Deux coups d’Etat en neuf mois 

Ces différentes images refont surface alors que le Mali, pays crucial pour la stabilité du Sahel, est confronté à une situation politique et sécuritaire délicate, après avoir été le théâtre de deux coups de force en neuf mois de la part de militaires emmenés par le colonel Assimi Goïta.

Le 18 août 2020, ces derniers avaient renversé le président Ibrahim Boubacar Keïta, affaibli par la contestation menée depuis des mois par le Mouvement du 5-Juin/Rassemblement des forces patriotiques (M5/RFP). La junte s'était alors engagée à une période de transition limitée à 18 mois, avec des élections présidentielle et législatives le 27 février 2022.

Mais cet engagement a été remis en cause par un nouveau putsch le 24 mai dernier quand le colonel Goïta, resté l'homme fort du pouvoir, a fait arrêter le président et le Premier ministre, cautions civiles de la transition ouverte après le premier coup d'Etat.

Cette décision a suscité de multiples condamnations au niveau international et a conduit la France à suspendre les opérations militaires conjointes avec les forces maliennes contre les jihadistes, dans l'attente de "garanties" de la part des colonels.
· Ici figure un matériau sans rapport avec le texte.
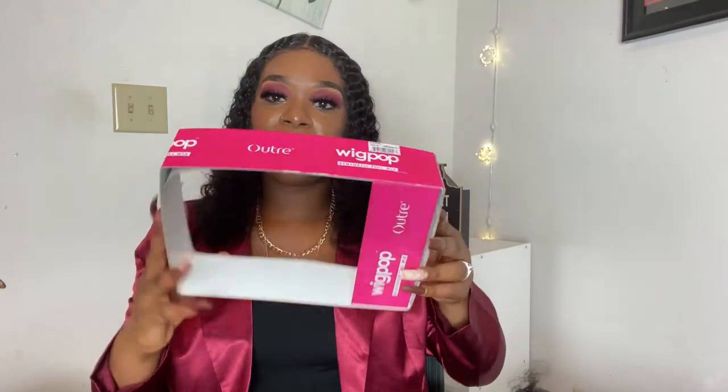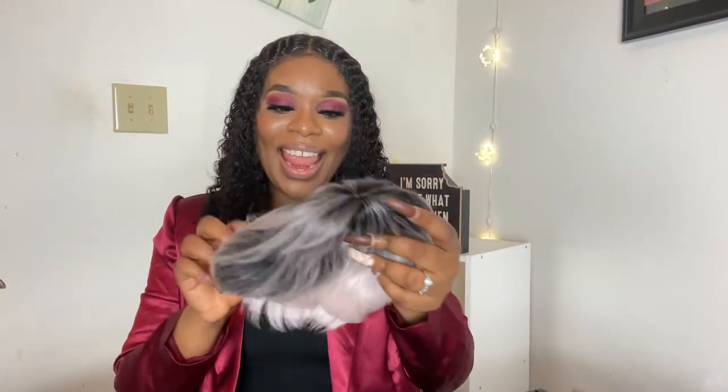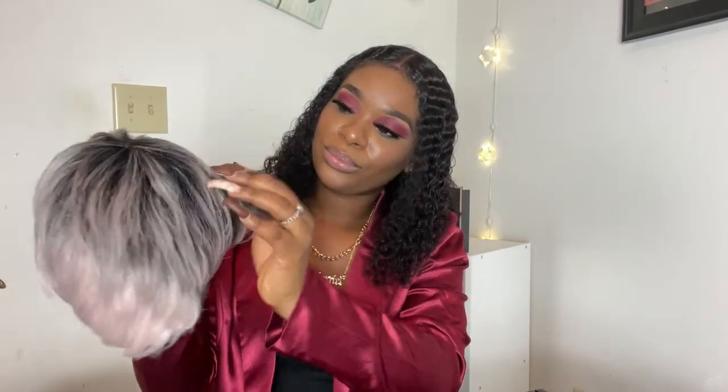It came in this box right here — this is the unit right here. I'm gonna try it out for you guys though, just wait. This is the back of the hair, this is the front of the hair. The next slide is obviously gonna be me with the hair on, so just sit back and relax.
Carte de la sécurité dans la région du G5 Sahel, avec la mission de l'ONU, les opérations françaises Barkhane, la Force conjointe du G5 Sahel et la task force européenne Takuba (AFP)

Jusqu'à nouvel ordre, la force Barkhane, qui engage environ 5.100 militaires au Sahel, ne sortira plus de ses bases pour des opérations sur le terrain au Mali, même si elle continuera à frapper, si l'occasion s'en présente, les chefs jihadistes, selon un diplomate français à Bamako.

Le Mali est confronté depuis 2012 à une menace jihadiste permanente, à laquelle se mêlent de multiples violences intercommunautaires. Ces violences se sont progressivement propagées aux pays voisins, notamment  au Burkina Faso et au Niger.